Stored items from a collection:
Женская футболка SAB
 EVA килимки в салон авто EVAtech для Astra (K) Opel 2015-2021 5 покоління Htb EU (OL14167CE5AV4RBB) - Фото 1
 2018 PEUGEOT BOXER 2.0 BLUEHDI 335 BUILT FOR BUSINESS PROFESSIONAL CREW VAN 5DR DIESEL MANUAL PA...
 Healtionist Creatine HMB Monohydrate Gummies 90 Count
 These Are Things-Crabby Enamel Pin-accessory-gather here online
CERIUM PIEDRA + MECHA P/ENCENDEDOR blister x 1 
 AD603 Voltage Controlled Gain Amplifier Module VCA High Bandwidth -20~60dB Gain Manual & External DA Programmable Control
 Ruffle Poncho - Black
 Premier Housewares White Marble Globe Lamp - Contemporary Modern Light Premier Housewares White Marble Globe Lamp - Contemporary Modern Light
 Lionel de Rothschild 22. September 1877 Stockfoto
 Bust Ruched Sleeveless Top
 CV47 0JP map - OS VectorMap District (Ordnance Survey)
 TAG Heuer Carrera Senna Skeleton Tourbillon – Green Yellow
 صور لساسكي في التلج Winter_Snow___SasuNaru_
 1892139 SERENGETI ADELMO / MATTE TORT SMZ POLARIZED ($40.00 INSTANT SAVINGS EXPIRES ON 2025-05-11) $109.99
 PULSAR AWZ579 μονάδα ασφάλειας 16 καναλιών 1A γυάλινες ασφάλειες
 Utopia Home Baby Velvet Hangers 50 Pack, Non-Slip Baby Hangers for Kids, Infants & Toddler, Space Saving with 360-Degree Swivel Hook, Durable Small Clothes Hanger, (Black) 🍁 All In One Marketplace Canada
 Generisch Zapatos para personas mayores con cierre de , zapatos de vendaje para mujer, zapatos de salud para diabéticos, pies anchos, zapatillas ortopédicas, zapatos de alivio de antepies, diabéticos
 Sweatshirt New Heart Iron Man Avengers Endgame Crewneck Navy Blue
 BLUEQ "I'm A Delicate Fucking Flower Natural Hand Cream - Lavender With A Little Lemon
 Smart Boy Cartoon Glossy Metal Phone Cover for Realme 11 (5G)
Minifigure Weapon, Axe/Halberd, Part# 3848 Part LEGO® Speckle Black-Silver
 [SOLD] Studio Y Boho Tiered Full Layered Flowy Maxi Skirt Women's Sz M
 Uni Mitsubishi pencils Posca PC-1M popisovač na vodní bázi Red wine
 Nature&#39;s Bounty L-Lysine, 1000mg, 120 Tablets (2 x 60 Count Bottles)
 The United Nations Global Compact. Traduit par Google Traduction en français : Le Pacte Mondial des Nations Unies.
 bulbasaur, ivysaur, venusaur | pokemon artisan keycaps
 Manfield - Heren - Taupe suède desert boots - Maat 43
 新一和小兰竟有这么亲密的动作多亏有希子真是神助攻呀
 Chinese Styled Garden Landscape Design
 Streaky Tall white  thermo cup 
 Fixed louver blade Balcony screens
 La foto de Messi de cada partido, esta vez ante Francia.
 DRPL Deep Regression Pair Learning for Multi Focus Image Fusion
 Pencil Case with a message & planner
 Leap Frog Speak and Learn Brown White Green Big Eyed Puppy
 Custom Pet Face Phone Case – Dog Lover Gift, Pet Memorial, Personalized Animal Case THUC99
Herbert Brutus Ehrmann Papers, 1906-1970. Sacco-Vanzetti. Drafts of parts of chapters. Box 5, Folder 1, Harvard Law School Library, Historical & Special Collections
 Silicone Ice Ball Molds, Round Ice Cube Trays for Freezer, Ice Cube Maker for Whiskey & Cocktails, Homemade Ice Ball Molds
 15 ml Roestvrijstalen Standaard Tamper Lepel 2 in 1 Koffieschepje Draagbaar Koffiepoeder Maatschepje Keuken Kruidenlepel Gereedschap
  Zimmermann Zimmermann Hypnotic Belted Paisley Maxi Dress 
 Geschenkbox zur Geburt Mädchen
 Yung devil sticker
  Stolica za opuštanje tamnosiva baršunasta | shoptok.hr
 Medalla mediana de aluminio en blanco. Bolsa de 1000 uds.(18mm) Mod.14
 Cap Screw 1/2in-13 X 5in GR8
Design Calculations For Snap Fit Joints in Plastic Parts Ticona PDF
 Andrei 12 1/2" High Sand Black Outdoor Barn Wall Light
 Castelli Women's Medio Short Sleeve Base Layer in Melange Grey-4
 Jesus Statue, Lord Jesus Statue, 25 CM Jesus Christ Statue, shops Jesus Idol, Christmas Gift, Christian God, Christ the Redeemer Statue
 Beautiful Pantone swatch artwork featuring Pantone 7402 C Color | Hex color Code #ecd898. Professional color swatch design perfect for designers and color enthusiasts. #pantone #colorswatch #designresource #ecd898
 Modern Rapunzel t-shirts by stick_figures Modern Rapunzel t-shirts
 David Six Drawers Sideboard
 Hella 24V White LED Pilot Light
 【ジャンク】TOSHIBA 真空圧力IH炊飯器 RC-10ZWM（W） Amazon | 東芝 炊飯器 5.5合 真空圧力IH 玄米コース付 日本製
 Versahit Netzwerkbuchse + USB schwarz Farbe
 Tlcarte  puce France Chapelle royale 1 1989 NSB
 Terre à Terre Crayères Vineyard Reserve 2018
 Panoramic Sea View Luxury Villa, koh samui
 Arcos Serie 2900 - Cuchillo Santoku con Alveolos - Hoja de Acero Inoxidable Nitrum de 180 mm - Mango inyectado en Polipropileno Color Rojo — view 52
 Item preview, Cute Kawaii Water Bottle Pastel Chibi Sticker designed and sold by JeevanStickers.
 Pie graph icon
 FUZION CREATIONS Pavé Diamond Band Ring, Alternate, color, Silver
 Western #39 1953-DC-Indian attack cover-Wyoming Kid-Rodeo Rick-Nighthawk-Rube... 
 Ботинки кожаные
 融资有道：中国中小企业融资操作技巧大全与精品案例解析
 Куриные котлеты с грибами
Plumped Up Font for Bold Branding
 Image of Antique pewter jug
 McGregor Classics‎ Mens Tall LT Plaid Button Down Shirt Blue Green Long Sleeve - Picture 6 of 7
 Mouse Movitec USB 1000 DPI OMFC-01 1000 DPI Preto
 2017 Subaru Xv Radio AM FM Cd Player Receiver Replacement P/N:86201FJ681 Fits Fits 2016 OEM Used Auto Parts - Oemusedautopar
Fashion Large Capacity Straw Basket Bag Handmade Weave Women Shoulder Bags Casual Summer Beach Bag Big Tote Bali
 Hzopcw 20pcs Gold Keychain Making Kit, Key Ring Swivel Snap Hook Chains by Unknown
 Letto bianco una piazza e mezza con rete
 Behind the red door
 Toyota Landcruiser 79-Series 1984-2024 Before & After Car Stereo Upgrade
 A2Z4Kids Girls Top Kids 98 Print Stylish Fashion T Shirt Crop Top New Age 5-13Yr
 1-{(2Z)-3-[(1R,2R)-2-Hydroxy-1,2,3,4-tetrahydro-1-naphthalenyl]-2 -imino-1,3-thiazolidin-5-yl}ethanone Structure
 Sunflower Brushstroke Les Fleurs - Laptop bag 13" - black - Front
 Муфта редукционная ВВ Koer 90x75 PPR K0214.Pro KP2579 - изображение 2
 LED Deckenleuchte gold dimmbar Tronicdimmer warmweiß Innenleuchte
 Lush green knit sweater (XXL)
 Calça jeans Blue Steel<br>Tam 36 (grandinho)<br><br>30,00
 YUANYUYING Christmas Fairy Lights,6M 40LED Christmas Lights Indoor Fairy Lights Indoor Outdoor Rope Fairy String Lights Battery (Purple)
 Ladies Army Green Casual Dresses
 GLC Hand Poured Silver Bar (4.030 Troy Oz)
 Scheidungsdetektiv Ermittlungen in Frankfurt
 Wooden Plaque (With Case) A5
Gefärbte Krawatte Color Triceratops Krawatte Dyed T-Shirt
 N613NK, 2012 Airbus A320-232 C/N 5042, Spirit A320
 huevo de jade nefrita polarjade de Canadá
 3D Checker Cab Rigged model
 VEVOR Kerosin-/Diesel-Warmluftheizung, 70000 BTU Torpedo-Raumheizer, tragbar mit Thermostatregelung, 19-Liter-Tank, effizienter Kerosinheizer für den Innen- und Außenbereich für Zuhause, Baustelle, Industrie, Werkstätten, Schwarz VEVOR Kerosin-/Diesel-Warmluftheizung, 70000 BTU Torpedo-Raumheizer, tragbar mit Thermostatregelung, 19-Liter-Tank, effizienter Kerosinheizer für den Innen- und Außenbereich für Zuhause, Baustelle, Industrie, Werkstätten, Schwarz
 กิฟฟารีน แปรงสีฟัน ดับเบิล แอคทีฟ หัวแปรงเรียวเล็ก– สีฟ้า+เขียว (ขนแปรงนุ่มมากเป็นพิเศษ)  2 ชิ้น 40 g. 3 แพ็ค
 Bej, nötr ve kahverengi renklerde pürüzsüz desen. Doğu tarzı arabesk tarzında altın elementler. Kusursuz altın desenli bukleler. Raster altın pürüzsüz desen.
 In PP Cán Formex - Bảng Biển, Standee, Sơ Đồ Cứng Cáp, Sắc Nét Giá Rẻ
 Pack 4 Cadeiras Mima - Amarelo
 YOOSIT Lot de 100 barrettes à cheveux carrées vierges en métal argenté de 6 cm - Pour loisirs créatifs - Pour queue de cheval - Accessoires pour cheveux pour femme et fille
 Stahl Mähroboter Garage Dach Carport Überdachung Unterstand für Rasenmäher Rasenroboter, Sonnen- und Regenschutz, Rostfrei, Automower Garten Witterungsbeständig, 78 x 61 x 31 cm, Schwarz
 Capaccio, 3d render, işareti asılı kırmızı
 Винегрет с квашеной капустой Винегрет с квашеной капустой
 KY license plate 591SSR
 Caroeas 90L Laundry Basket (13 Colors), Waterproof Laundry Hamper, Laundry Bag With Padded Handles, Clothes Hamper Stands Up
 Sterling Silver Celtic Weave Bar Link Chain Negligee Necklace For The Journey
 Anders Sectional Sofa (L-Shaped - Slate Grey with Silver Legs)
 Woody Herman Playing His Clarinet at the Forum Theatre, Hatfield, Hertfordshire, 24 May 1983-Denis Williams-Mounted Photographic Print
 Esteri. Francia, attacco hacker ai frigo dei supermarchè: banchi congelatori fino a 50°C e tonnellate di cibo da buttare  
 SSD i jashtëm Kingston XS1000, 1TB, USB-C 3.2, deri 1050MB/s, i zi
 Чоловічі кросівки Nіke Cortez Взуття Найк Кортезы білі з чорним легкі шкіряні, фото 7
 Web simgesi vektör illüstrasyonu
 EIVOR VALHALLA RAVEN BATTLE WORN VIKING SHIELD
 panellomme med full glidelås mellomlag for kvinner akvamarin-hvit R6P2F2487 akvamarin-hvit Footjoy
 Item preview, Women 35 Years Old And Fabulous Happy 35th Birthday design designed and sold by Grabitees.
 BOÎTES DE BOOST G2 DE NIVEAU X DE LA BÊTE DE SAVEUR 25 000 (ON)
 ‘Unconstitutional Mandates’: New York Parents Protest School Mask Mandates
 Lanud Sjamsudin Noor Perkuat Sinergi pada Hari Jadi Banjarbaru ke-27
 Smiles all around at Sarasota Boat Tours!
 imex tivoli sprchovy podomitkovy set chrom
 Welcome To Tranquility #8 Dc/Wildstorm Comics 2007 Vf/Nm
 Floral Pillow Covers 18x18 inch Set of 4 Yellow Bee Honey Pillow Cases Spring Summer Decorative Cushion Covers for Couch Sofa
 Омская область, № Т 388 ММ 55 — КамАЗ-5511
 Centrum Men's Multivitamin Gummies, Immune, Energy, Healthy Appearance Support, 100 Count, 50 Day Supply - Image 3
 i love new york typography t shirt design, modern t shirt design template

• [ACTION ITEM] Set aside each line above that includes the string "Hook" and report it.

• [RESULT]
 Utopia Home Baby Velvet Hangers 50 Pack, Non-Slip Baby Hangers for Kids, Infants & Toddler, Space Saving with 360-Degree Swivel Hook, Durable Small Clothes Hanger, (Black) 🍁 All In One Marketplace Canada
 Hzopcw 20pcs Gold Keychain Making Kit, Key Ring Swivel Snap Hook Chains by Unknown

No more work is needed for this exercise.